**Instructions for the task**
What lines of the listing below contain the word "know"? Copy each of them out.

**Exercise input**
★ ★ ★

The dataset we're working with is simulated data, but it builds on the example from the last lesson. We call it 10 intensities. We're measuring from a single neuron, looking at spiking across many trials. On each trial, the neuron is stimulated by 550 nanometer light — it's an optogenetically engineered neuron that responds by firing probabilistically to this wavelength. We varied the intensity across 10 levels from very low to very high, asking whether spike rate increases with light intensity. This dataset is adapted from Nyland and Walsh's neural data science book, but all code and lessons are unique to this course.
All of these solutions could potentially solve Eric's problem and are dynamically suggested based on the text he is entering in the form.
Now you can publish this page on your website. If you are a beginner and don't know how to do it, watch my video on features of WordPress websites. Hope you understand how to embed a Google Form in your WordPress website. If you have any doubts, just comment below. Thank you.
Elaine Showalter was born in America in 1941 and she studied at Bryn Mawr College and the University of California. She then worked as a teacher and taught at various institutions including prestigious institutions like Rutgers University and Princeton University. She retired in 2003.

★ ★ ★

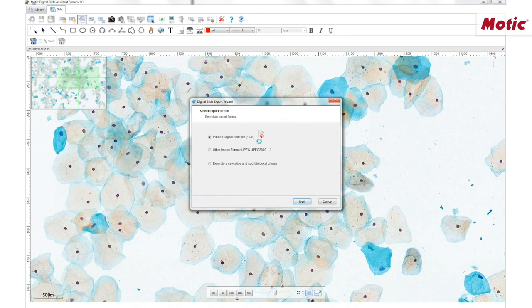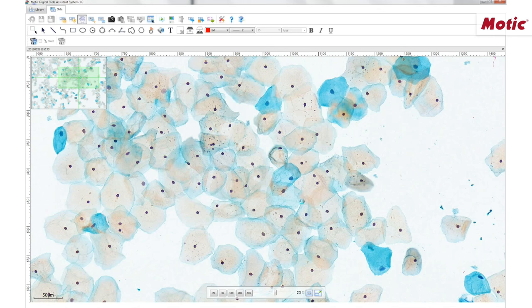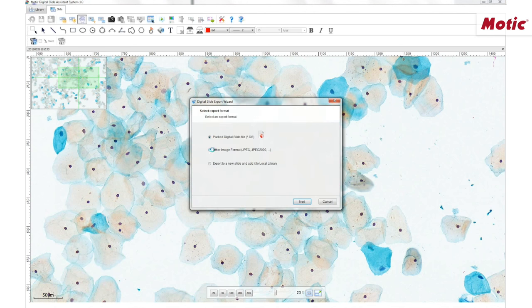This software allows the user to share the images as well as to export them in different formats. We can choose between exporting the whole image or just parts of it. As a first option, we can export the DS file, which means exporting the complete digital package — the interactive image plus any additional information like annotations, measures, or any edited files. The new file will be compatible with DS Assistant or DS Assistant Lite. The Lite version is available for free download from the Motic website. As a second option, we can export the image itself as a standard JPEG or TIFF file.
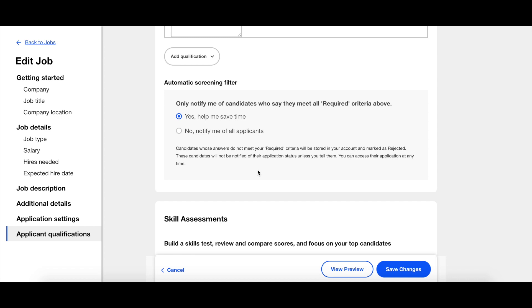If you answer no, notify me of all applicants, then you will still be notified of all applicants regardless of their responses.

★ ★ ★

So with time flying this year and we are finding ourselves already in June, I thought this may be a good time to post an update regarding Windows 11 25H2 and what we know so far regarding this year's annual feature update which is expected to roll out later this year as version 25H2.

★ ★ ★

**Solution for this task**
Now you can publish this page on your website. If you are a beginner and don't know how to do it, watch my video on features of WordPress websites. Hope you understand how to embed a Google Form in your WordPress website. If you have any doubts, just comment below. Thank you.
So with time flying this year and we are finding ourselves already in June, I thought this may be a good time to post an update regarding Windows 11 25H2 and what we know so far regarding this year's annual feature update which is expected to roll out later this year as version 25H2.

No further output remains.